Supplied records START

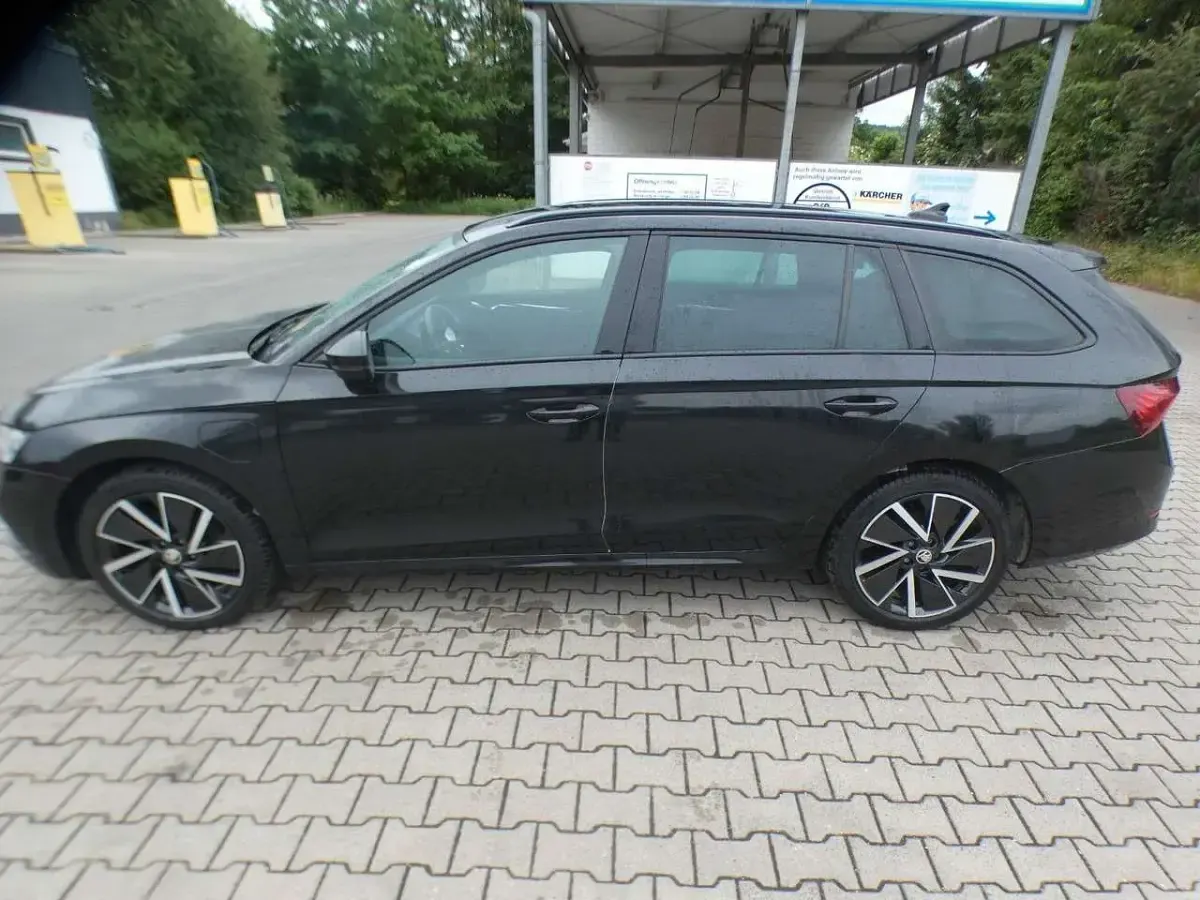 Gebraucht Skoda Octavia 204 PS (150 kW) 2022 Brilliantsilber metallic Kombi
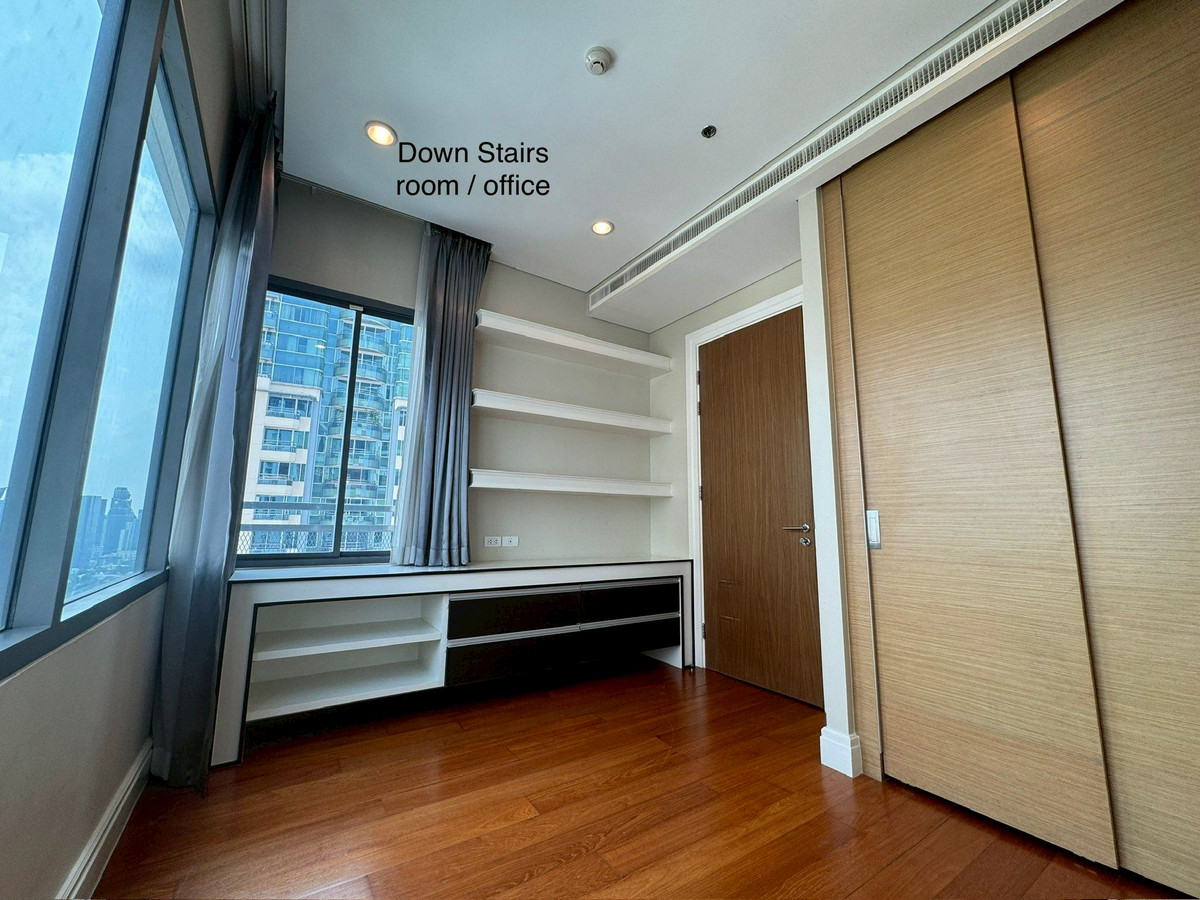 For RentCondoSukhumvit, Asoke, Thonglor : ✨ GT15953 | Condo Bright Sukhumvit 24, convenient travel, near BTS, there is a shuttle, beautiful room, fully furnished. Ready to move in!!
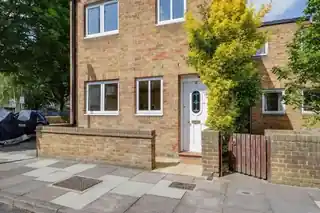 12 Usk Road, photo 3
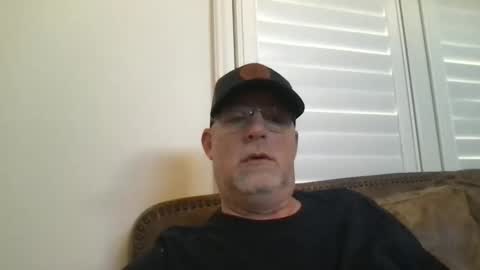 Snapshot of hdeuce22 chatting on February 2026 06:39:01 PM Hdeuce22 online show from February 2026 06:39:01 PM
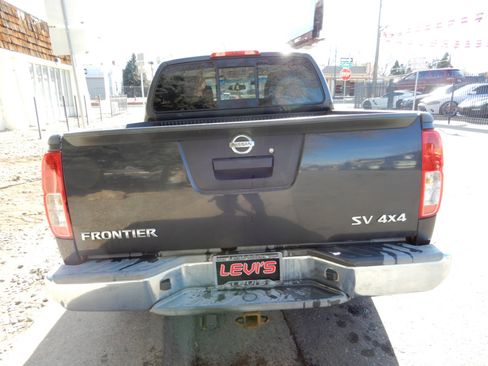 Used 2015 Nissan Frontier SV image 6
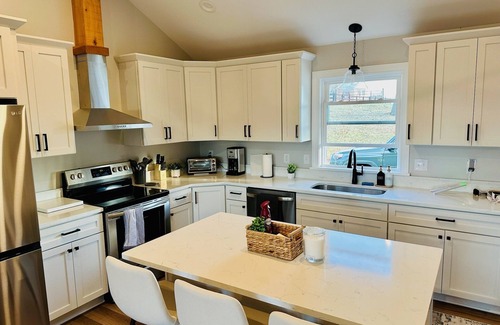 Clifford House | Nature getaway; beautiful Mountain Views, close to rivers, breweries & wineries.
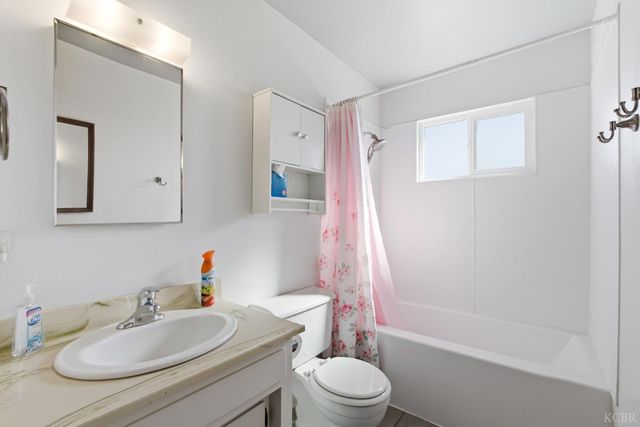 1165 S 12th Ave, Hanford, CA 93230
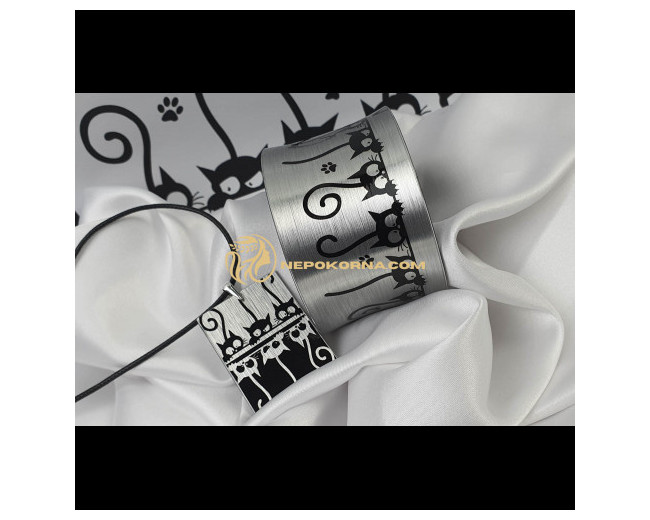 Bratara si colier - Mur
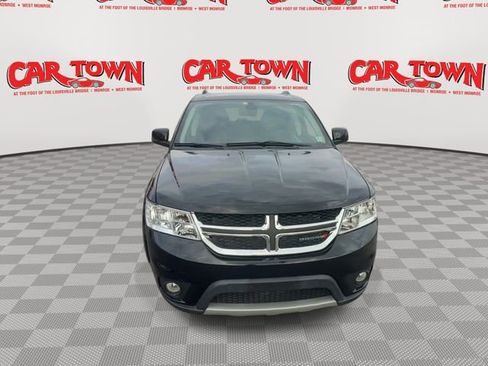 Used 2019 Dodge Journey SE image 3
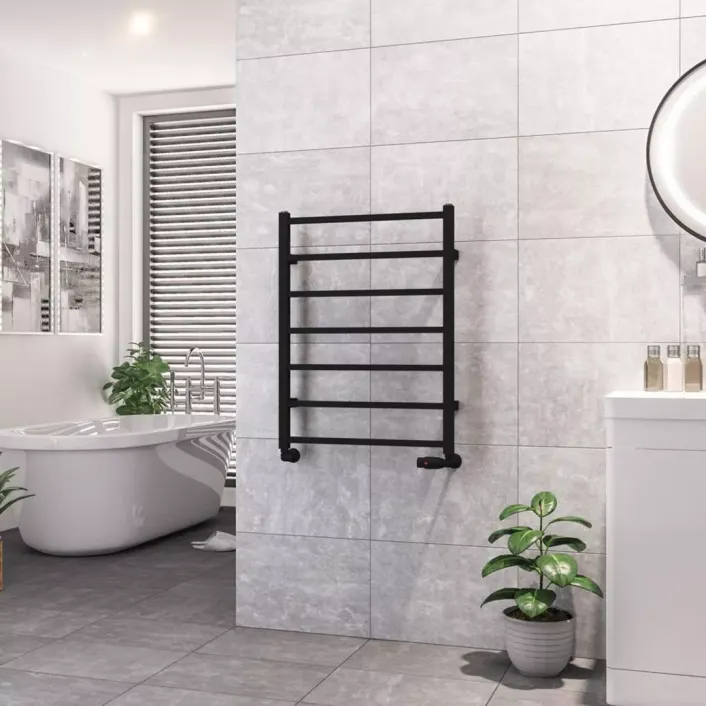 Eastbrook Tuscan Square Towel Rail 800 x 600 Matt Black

Supplied records END

● Exercise directions: Once the line with "12 Usk Road, photo 3" is found above, print it and every line after it through the line with "Used 2019 Dodge Journey SE image 3", exactly. Pictures stay out.

● Response:
 12 Usk Road, photo 3
 Snapshot of hdeuce22 chatting on February 2026 06:39:01 PM Hdeuce22 online show from February 2026 06:39:01 PM
 Used 2015 Nissan Frontier SV image 6
 Clifford House | Nature getaway; beautiful Mountain Views, close to rivers, breweries & wineries.
 1165 S 12th Ave, Hanford, CA 93230
 Bratara si colier - Mur
 Used 2019 Dodge Journey SE image 3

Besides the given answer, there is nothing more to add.